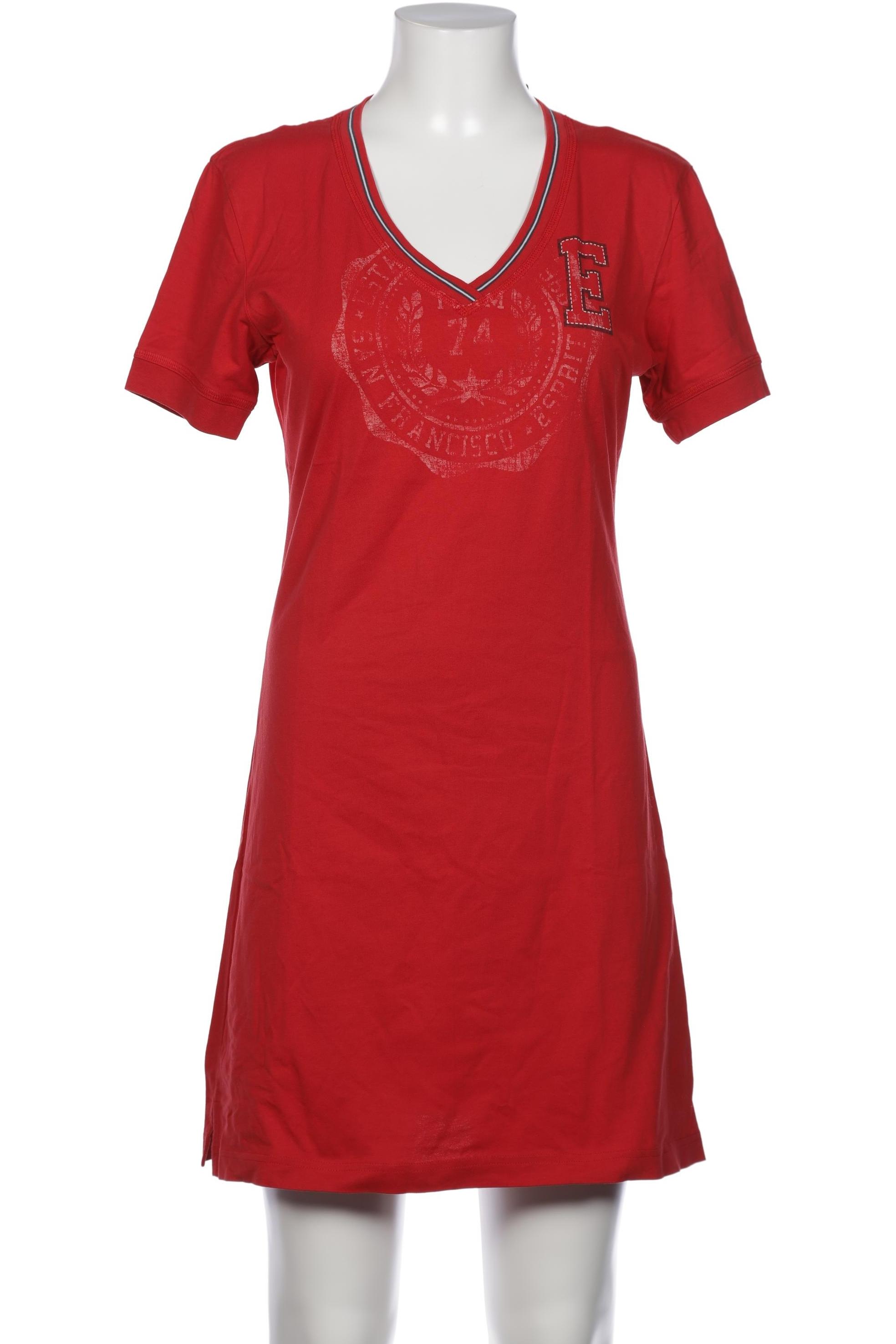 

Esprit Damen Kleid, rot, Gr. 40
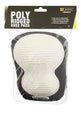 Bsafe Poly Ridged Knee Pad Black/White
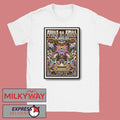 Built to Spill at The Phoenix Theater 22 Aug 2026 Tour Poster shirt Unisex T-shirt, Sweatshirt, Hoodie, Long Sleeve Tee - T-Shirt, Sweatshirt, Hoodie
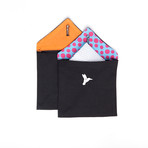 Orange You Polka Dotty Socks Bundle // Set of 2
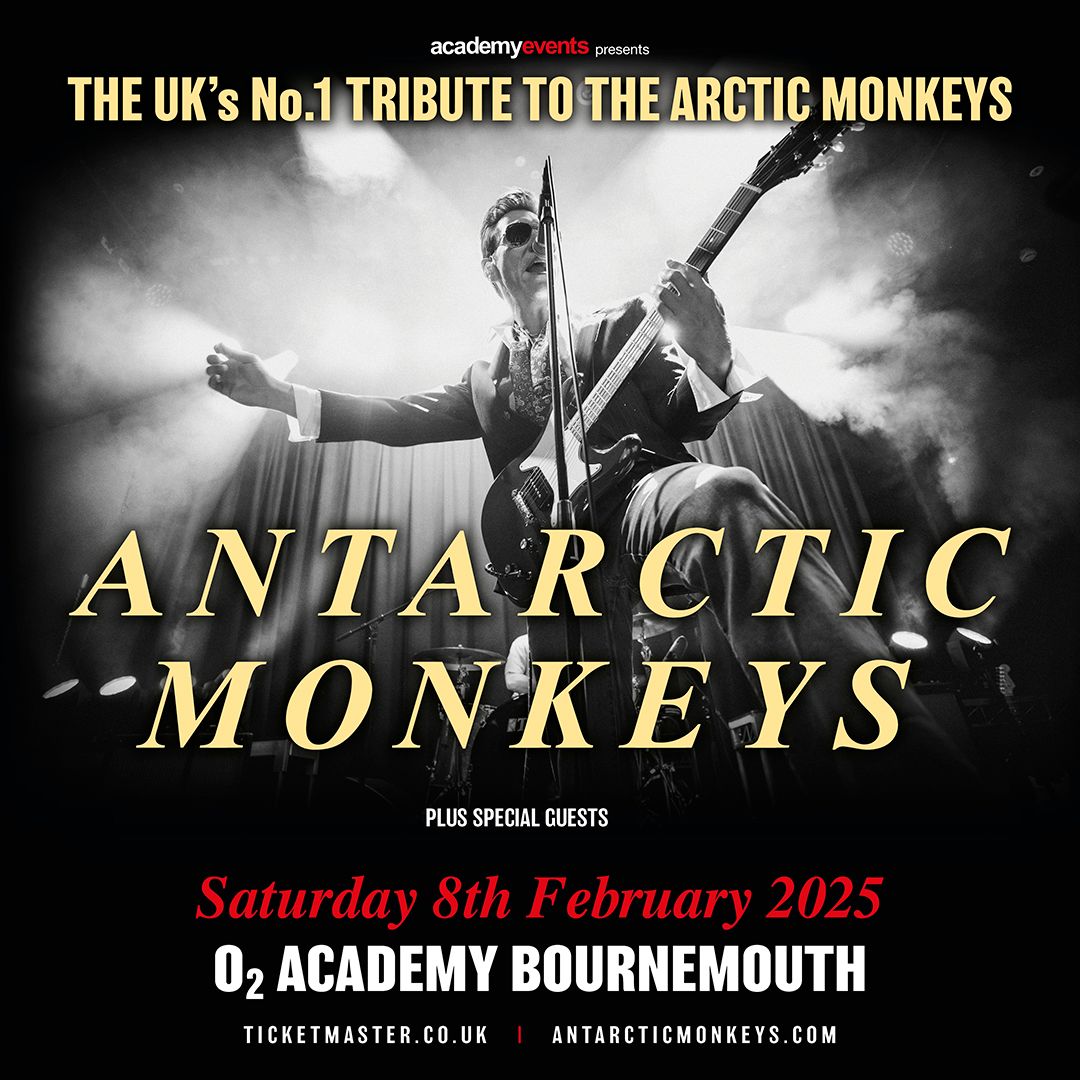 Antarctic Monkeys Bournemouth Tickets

************

> _HOW TO COMPLETE THIS TASK_: Could you reproduce the listing above word for word while leaving out its pictures?

> _EXERCISE RESULT_:
Esprit Damen Kleid, rot, Gr. 40
 Bsafe Poly Ridged Knee Pad Black/White
 Built to Spill at The Phoenix Theater 22 Aug 2026 Tour Poster shirt Unisex T-shirt, Sweatshirt, Hoodie, Long Sleeve Tee - T-Shirt, Sweatshirt, Hoodie
 Orange You Polka Dotty Socks Bundle // Set of 2
 Antarctic Monkeys Bournemouth Tickets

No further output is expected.